Or did she influence Salesa in taking residence there? The fact that he would be there and that Jon&Martin would come close enough for Jon to notice that the whole area was weird (and that they both agreed to take a look) is… a lot of coincidences. Jon “baited” Basira when they were close enough, and they then hunted Daisy; and as for Helen, she has been explicitly following them – those weren’t coincidences, but intended. On the other hand, the current layout is a bit more suspicious?
… It also takes us back to the start, for a Web-affiliated person to go against a Corruption-thing. We had witnessed this since season 1: spiders attracted by worms because they’re food (as Martin suspected in Carlos Vittery’s building), a spider warning Jon of the incoming Prentiss attack (end of MAG038), big spiders eating worm corpses in the tunnels under the Institute…
(… Salesa mentioned that Annabelle was cooking, WHAT IS SHE COOKING. DID SHE COOK THE CORRUPTION THING… DID SHE FEED THEM ALL WITH THE CORRUPTION THING…)
- Aaaaah, I’m having so many feelings over Jon asking so many questions and being so curious!!

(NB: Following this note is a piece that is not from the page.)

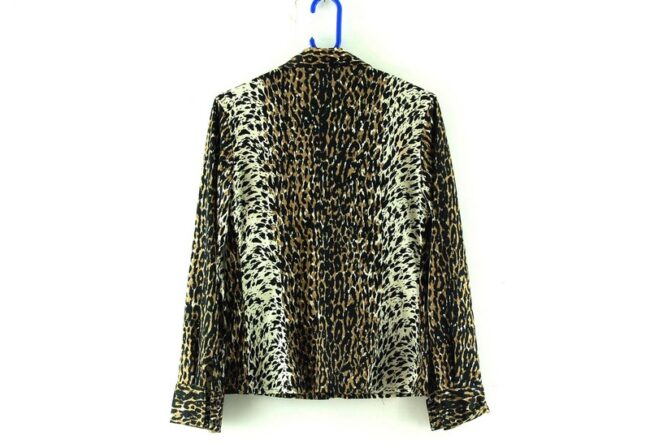 70s Leopard Print Blouse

(MAG181) ARCHIVIST: What is… this place? SALESA: I just told you. It’s my little bubble. My silver lining on an otherwise cloudy day. ARCHIVIST: [HUFF] That’s not an answ– SALESA: Now tell me […]. ARCHIVIST: … So, you wouldn’t mind answering a few questions? SALESA: [SIPPING FOLLOWED BY CONTENTED SIGH] … I am an open book. […] ARCHIVIST: What is this place, how did you find it? SALESA: [SLIGHTLY CURT] I didn’t find anything. I made it. ARCHIVIST: [COMPELLINGLY] Tell me what happened. SALESA: … “No”. ARCHIVIST: I– Uh… Wh… Wh–what? […] How big is your safe zone, is it… is it always the same size? H… How did this happen? SALESA: [CHUCKLES] Look at him! Not three days without his master spooning knowledge into his head, and he can’t bear it! I thought ignorance was meant to be bliss? ARCHIVIST: [FRUSTRATED SOUND]
Same as last episode, that was Jon! It was Jon being himself and curious… Georgie had pointed out that it was Jon’s personality (MAG093: “If your job is asking questions, I mean. You were always the one who pushed too far, and asked smart-arse, awkward questions. I always was surprised you never got punched.”), even before the influence of The Eye – and now, we have the additional dimension that Jon might have grown a bit too accustomed to, indeed, Knowing things, and to getting people to answer him whenever needed or desired… But still. It feels like he was back to his roots?
(And Salesa was doing his best to frustrate him, cutting him off or commenting on it, pfft.)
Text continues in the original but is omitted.